Halk veya temsilcileri tarafından seçilmeyecek, halkın temsilcileri tarafından denetlenemeyecek, tayin, terfi, nakil vb. tasarruflar tamamen kendi elinde olacak bir yargı isteniyor ve buna da "tam bağımsız yargı" deniyor.
Yargıyı kim temsil ediyor, yargı denince kimleri hatırlıyoruz?
Hakimler, savcılar, bilirkişiler, avukatlar...
Bunların tamamı insan; ete kemiğe bürünmüşler, diğer insanlardan biyolojik, psikolojik, sosyal olarak temelde ayrılıkları yok. Onların da inançları, ideolojileri, maddi ve manevi ihtiyaçları ve eğilimleri var.
Yapılan baro vb. seçimlerine bakıyoruz, hukuk adamlarının çoğunluğunu kemalist, statükocu ve -nasıl oluyorsa aynı zamanda- solcular veya CHP zihniyetli olanlar teşkil ediyorlar.
Mahkemelere bakıyoruz "sizin ve bizim" mahkemeler var. Aynı davada, aynı deliller ve belgelerle, aynı şahısları tutuklayanlar var, serbest bırakanlar var, mahkum edenler var, beraat ettirenler var.

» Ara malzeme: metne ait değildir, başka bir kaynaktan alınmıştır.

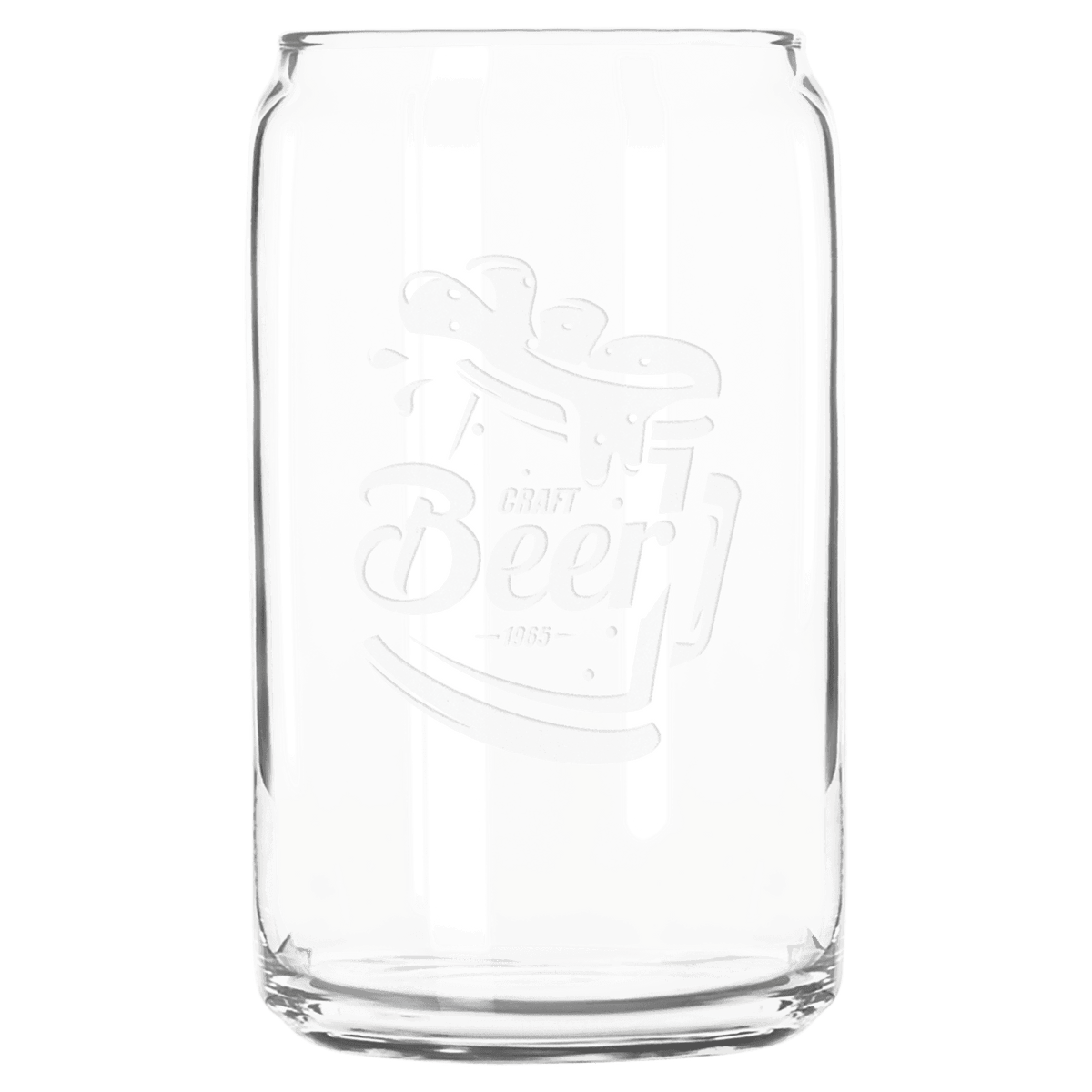 16 ounce Beer Can Glass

Bir tarafta halkın gerekli çoğunluğu ile iş başına gelmiş ve milli iradeyi temsil eden, millet adına kanun çıkaran, millet adına yürütmeyi yapan Meclis ve hükumet var, bir tarafta "bağımsız, ama taraflı" yargı var; milletin temsilcileri yapıyor, yargı bozuyor ve her bozduğu tartışma konusu oluyor. Bilgi ve tecrübesi ile temayüz etmiş hukukçular birçok "Anayasa Mahkemesi ve Danıştay" kararları için "yanlış, hukuka aykırı, buna (mesela yerindelik açısından bakmaya) hakları ve yetkileri yok..." diyorlar. Ama yargı yapıyor ve oluyor.
Mesela Danıştay, işine geldiğinde bir davayı bir veya iki günde karara bağlıyor, işine gelmediğinde yıllarca bekletiyor.
HSYK beğenmediği hakim ve savcıları meslekten atıyor, yetkilerine ambargo koyuyor, beğendiklerini ise yerinde bırakıyor, terfi ettiriyor, yetkisini arttırıyor. Bu noktada beğenme ölçüsü bazen ideolojik ve taraftarlık oluyor.
Yargının durumu böyle iken bizden, yargıya mutlak olarak güvenmemiz, Meclis'e ve hükümete ise güven duymamamız, hükümet ve Meclis ile idari ve siyasi mahkemeler çatıştığı zaman "Yargı ne derse o olsun" dememiz isteniyor.
Bu noktada TÜSİAD Başkanı'nın medyaya yansıyan bir ifadesini hatırlayalım:
"Meclis'teki sandalyelerin çoğunluğunu almış bir partinin varlığının bile bir yargı mensubunun iki dudağı arasından çıkacak bir söze bağlı olması Türkiye'ye yakışmıyor; iş dünyasının, yatırımcıların önünü görebilmesi için siyasi istikrar önemlidir."